_Work instructions_
In the entries below, repeat only the lines between those holding "Commode de chambre" and "Guarda Roupa Casal", inclusive. Leave pictures out.

_Records for processing_
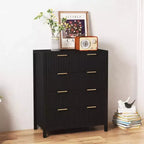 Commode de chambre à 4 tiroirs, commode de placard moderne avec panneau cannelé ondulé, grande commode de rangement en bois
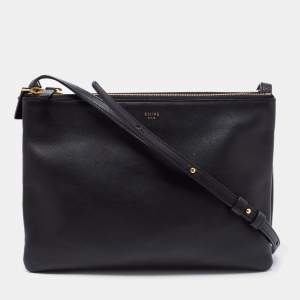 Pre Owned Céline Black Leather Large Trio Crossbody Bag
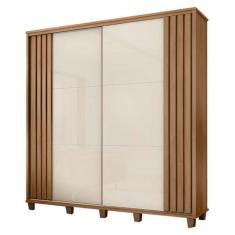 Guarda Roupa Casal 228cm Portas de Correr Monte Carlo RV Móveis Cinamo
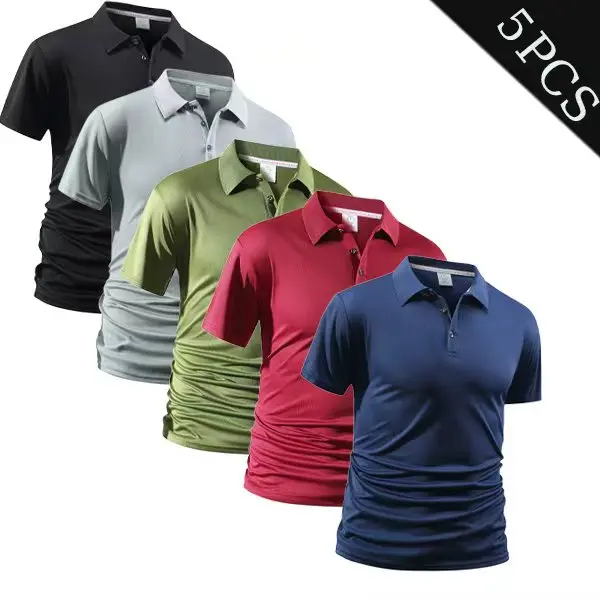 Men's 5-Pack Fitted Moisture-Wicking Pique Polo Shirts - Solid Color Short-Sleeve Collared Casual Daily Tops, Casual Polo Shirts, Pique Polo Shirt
--
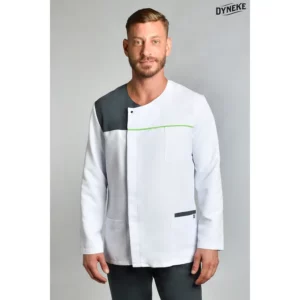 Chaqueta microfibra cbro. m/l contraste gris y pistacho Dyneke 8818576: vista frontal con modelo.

_Task solution_
 Commode de chambre à 4 tiroirs, commode de placard moderne avec panneau cannelé ondulé, grande commode de rangement en bois
 Pre Owned Céline Black Leather Large Trio Crossbody Bag
 Guarda Roupa Casal 228cm Portas de Correr Monte Carlo RV Móveis Cinamo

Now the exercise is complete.